Przez cały czas trwania uroczystości, czynna była sala w Parafialnym Domu Gościnnym, gdzie każdy mógł napić się kawy, herbaty czy też napojów oraz zjeść ciasta i desery przygotowane przez mieszkańców, a także wrzucić dwa euro, przeznaczone dla naszego Domu Dziecka. Co ciekawe - delegowano tam osoby polskiego pochodzenia do rozmów z naszą delegacją. Mieliśmy okazję rozmawiać z dwoma Polkami, pochodzącymi ze Śląska. Jedna przebywa tam już 15 lat, druga od 6 lat. Ich niemieccy życiowi partnerzy są tolerancyjni, pozwalają, aby ich dzieci mówiły po polsku i sami opanowali podstawy naszego języka. Ich mężowie chętnie przyjeżdżają do Polski i bardzo im się podobają polskie święta i polska kuchnia. Z kolei 49-letni Stefan, pochodzący z okolic Stargardu Szcz., poznał swoją żonę na obozie w niemieckiej części Wolina. W Schneverdingen mieszka od 6 lat, pracując w firmie budowlanej. Ze śmiechem przyznawał, że przez pierwszy rok małżeństwa, rozmawiał z żoną przy pomocy słownika polsko-niemieckiego i niemiecko-polskiego.

Trzeba podkreślić, że do organizacji tak dużej imprezy, potrzebne były spore pieniądze, zarówno po stronie polskiej jak i niemieckiej - w większej części pochodziły one z Fundacji Współpracy Polsko-Niemieckiej. Oficjalnym tłumaczem naszej delegacji była Arleta Wirhanowicz. Aby godnie i licznie reprezentować Barlinek w Schneverdingen potrzebna była praca i zaangażowanie wielu osób. Organizacją wyjazdu, jak również czuwaniem nad sprawnym przebiegiem całego pobytu zajmowała się Aleksandra Bigus-Sławińska.

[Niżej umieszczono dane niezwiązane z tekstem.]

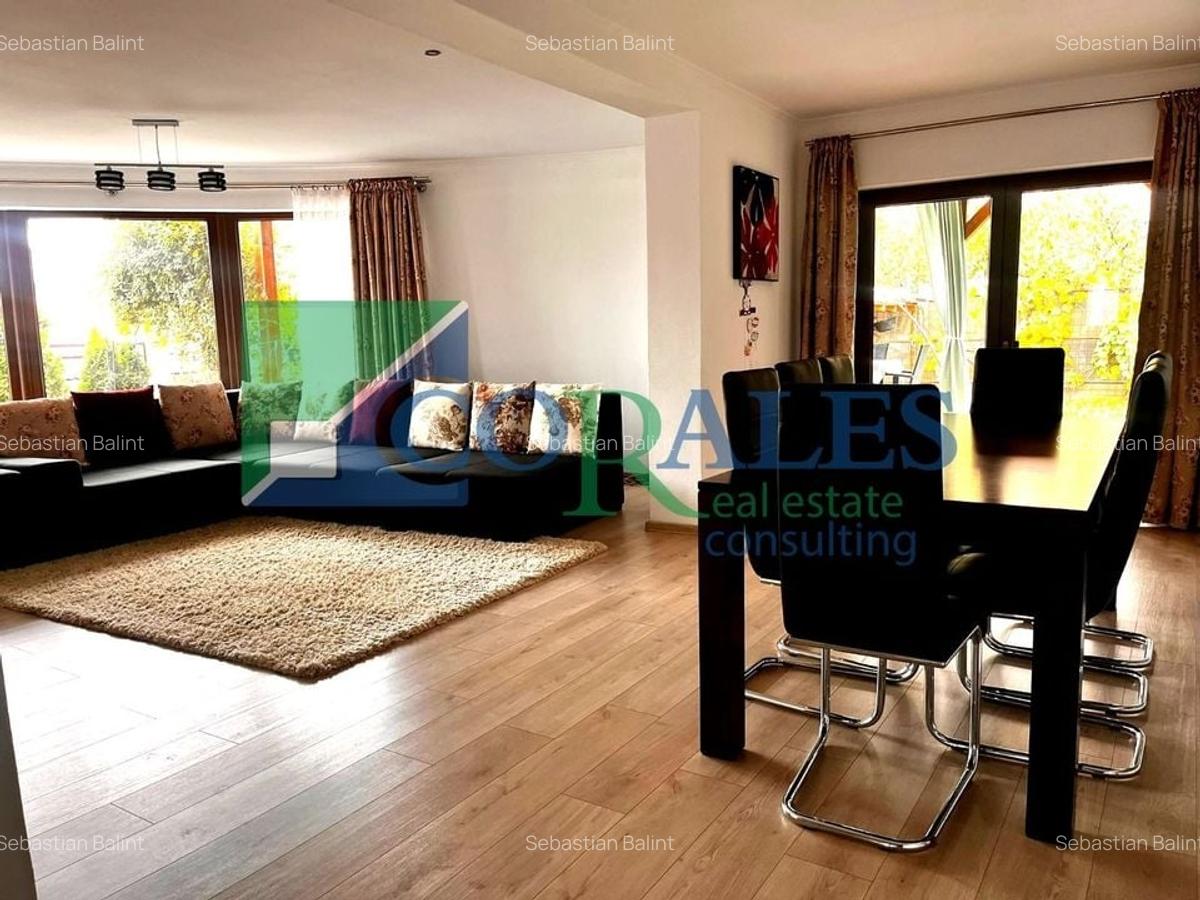 Casa individuala pe parter. Terasa mare. Panouri fotovoltaice! - 1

Dzięki niej na bieżąco dowiadywaliśmy się o wszystkim.

Refleksje:

* To były wspaniałe Dni Schneverdingen, do których włączyło się społeczeństwo tego miasta i które były świetnie zorganizowane

* Podobna uroczystość w Barlinku, powinna odbyć się w centrum miasta, do czego należy wyznaczyć Rynek, skwer z ul,Szewską, ul.Jeziorną z promenadą, ul.Paderewskiego i być może Park Delta.

* Przez 11 lat współpracy Schneverdingen rozwinęło się bardzo dynamicznie, stając się zapleczem turystycznym dla sąsiednich miast Hamburga i Hanoweru - czego i nam życzymy, bo przecież mamy rewelacyjne walory krajobrazowe i przyrodnicze.